*** EXERCISE INPUTS ***
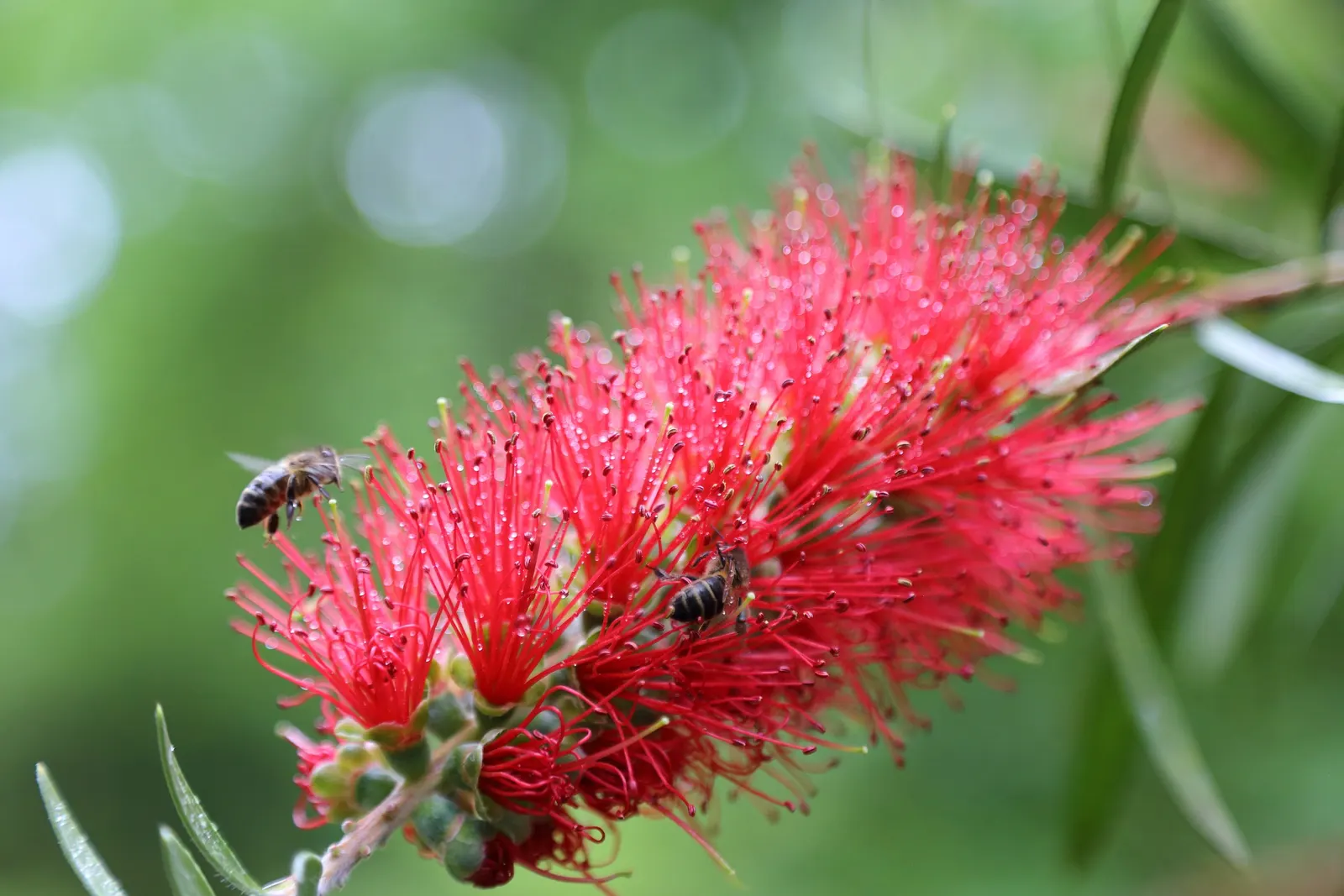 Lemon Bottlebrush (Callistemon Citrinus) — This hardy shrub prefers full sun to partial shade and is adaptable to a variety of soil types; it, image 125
*** End of EXERCISE INPUTS ***
*** EXERCISE INPUTS ***
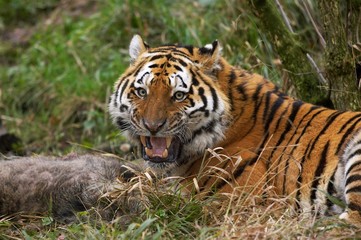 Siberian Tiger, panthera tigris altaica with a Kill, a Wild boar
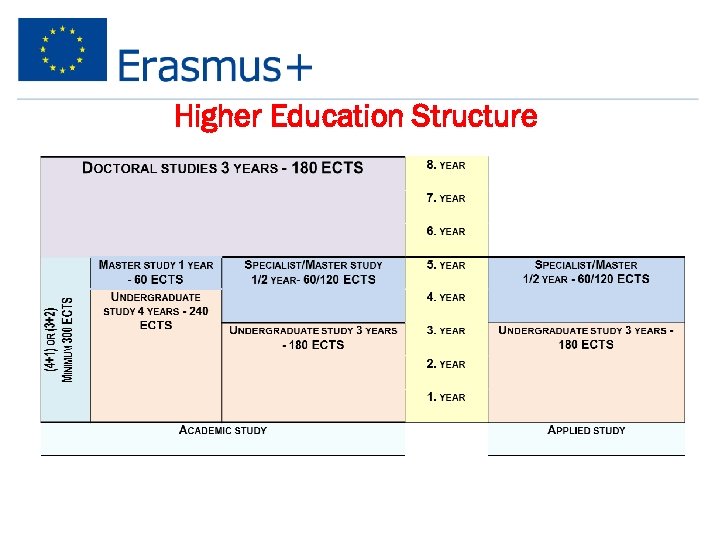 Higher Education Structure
*** End of EXERCISE INPUTS ***
WHAT THE TASK REQUIRES: The lines to set down run from the line with "Siberian Tiger, panthera" up to and including the line with "Higher Education Structure" in the entries above. Reproduce them exactly, with no pictures.

SOLUTION TO THE EXERCISE:
 Siberian Tiger, panthera tigris altaica with a Kill, a Wild boar
 Higher Education Structure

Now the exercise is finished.